Es un maestro en el sentido expresamente clásico de la palabra. Por eso le siguieron esos mismos estudiantes que le homenajean ahora a la Universidad de Barcelona: era como el flautista de Hamelin, aunque acaso el único instrumento que tocó para convocarles fue el de la sencilla sabiduría, el de la activa melancolía de los poetas, que seducen por lo que tienen de pálidos, de dubitativos, de seres en cuya indefensión está su fuerza.

Quizá fue ese mismo poder de magisterio el que luego -en Madrid, adonde quiso volver- le cerró las puertas de una universidad, la Complutense, donde parecía natural que enseñara a estudiantes posteriores, a jóvenes de la democracia que probablemente hubieran aprovechado más de él que de otras algarabías. Le cerraron la puerta en las narices sus propios compañeros.

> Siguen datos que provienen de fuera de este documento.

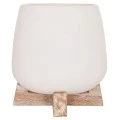 ΓΛΑΣΤΡΑ ΕΣ.ΧΩΡΟΥ FRELLO HM4674.02S ΛΕΥΚΟ FIBER CEMENT--TEAK ΒΑΣΗ 14,5x14,5x16Υεκ.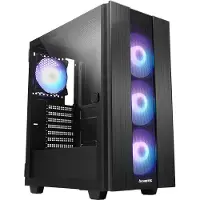 Chieftec HUNTER 2 GS-02B-OP ATX ARGB-kabinet med vindue uden strømforsyning, sort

Aquella melancolía activa de Emilio Lledó debió acrecentarse entonces, y por eso se fue al corazón del problema de Europa, a Berlín, a enseñar en mejores bibliotecas, en ambientes más propicios para un extemporáneo, para un personaje que aún cree en la tolerancia, la reflexión y, de nuevo, la melancolía. Curiosamente, desde entonces -desde que ese exilio se produjo- le llovieron parabienes, premios; se reeditaron sus libros, se le escuchó en todas partes. Y se le rindieron homenajes. El del sábado, quizá, es el más cumplido, el que simboliza mejor su trayectoria de maestro, de ingenuo hablador de lo que sabe.

Tolerancia

Decía en una de sus clases -y lo he repetido tanto que a veces pienso si esa frase no la habré desvirtuado de tanto atribuírsela- que la tolerancia era la madre del conocimiento y la duda, y para ilustrarlo afirmaba que dentro de todo sí hay un pequeño no, y añadía que dentro de todo no hay un pequeño sí. La incredulidad -la incredulidad activa, la duda metódica, el respeto a los demás- pareció ser siempre su manera de ser, su actitud -poética- ante la vida. Acaso por eso antes no se creyó el insulto que padeció y ahora asiste, como si fuera otro, como si no fuera con él, a esta fiesta en la que se celebra su pensamiento. Y su melancolía.